==== Data excerpts ====

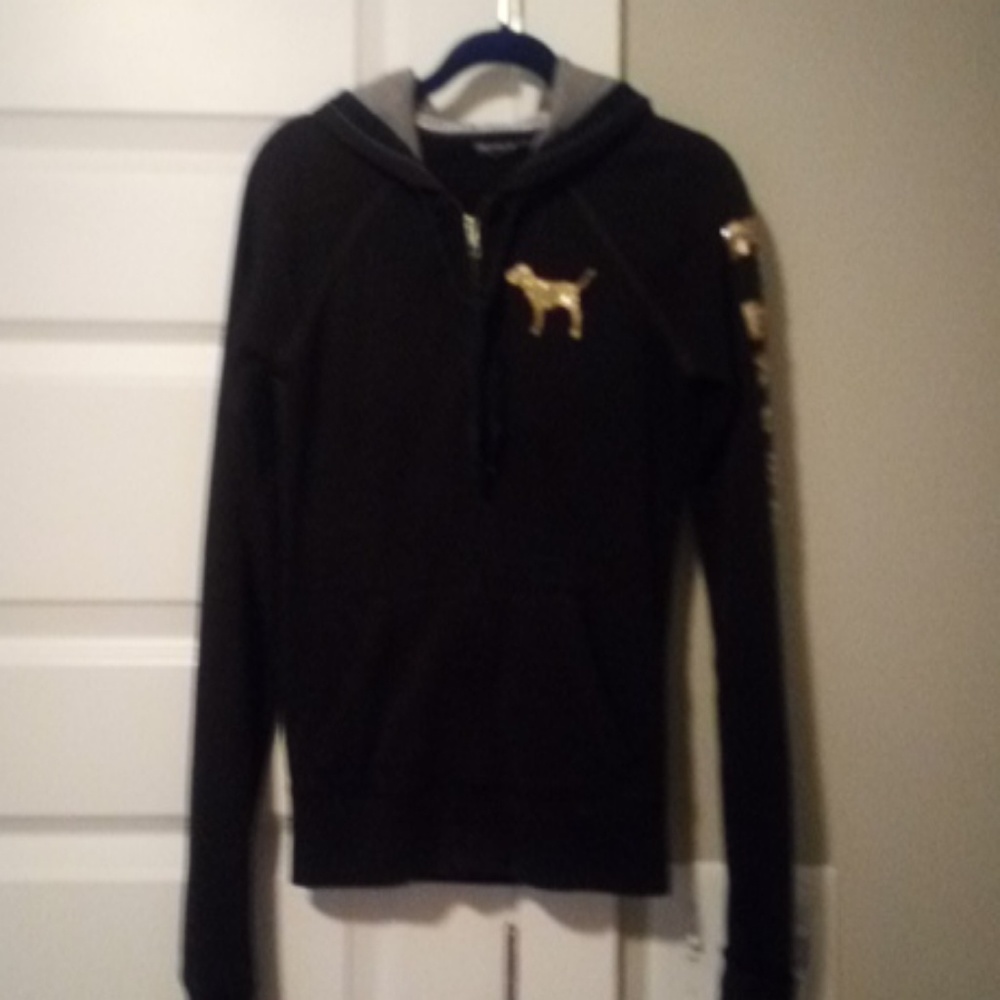Pink Victoria Secret zip PEACE hoodie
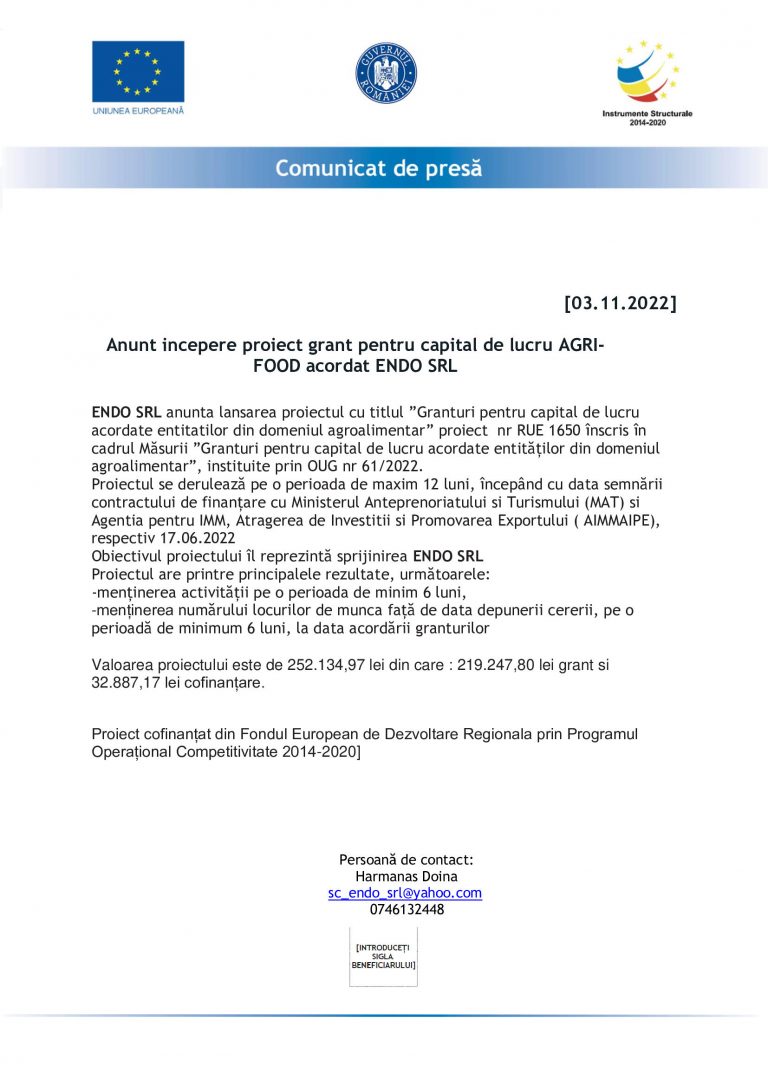 Anunt incepere proiect grant pentru capital de lucru AGRI-FOOD acordat ENDO SRL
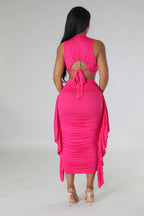 Women's Solid Color High Waist Vest and Skirt Two-Piece Set
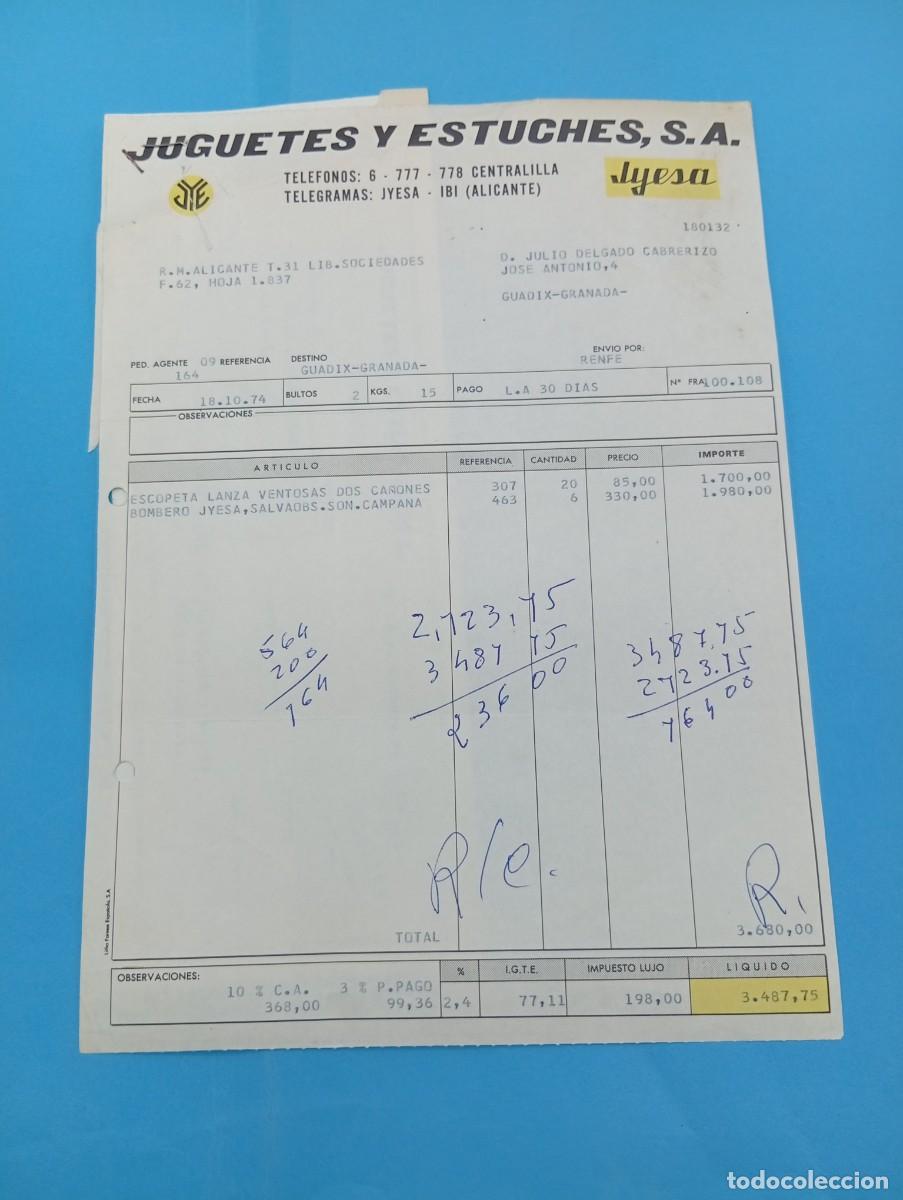 Juguetes antiguos: FACTURA Y LETRA DE CAMBIO DE JUGUETES. JYESA. JUGUETES Y ESTUCHES, S.A. IBI, ALICANTE, 1974.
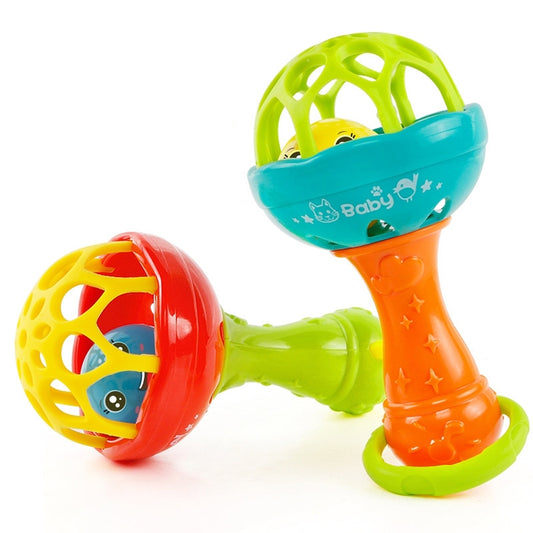 Baby Rattles Toy Intelligence Grasping Gums Plastic Hand Bell Rattle Funny Educational Toy,Color Random Delivery by bashfashion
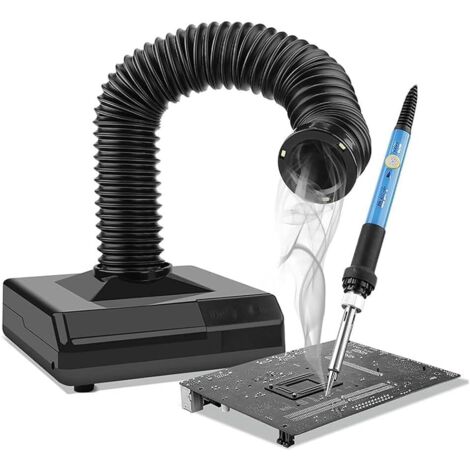 Extracteur de fumée de soudure, machine d'aspiration de poussière de meulage avec lumière LED, élimine la fumée de soudage et la poussière de meulage, pour atelier de réparation électronique, station (1/5)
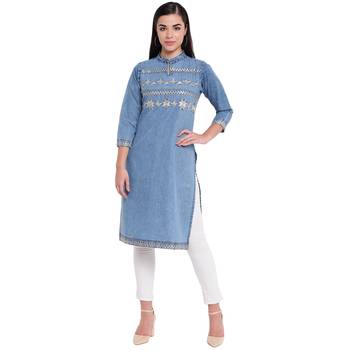 Blue plain denim kurtas-and-kurtis 1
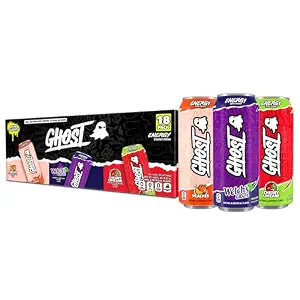 GHOST Energy Drink, Zero Sugars, 18-Pack, Variety Pack, 16oz | Energy & Focus Pre Workout Drink, No Artificial Colors, Gluten-Free, Vegan - 200MG Natural Caffeine, L-Carnitine, Taurine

====

Repeat each of the records exactly as written, except for the pictures, which are to be left out.

Pink Victoria Secret zip PEACE hoodie
 Anunt incepere proiect grant pentru capital de lucru AGRI-FOOD acordat ENDO SRL
 Women's Solid Color High Waist Vest and Skirt Two-Piece Set
 Juguetes antiguos: FACTURA Y LETRA DE CAMBIO DE JUGUETES. JYESA. JUGUETES Y ESTUCHES, S.A. IBI, ALICANTE, 1974.
 Baby Rattles Toy Intelligence Grasping Gums Plastic Hand Bell Rattle Funny Educational Toy,Color Random Delivery by bashfashion
 Extracteur de fumée de soudure, machine d'aspiration de poussière de meulage avec lumière LED, élimine la fumée de soudage et la poussière de meulage, pour atelier de réparation électronique, station (1/5)
 Blue plain denim kurtas-and-kurtis 1
 GHOST Energy Drink, Zero Sugars, 18-Pack, Variety Pack, 16oz | Energy & Focus Pre Workout Drink, No Artificial Colors, Gluten-Free, Vegan - 200MG Natural Caffeine, L-Carnitine, Taurine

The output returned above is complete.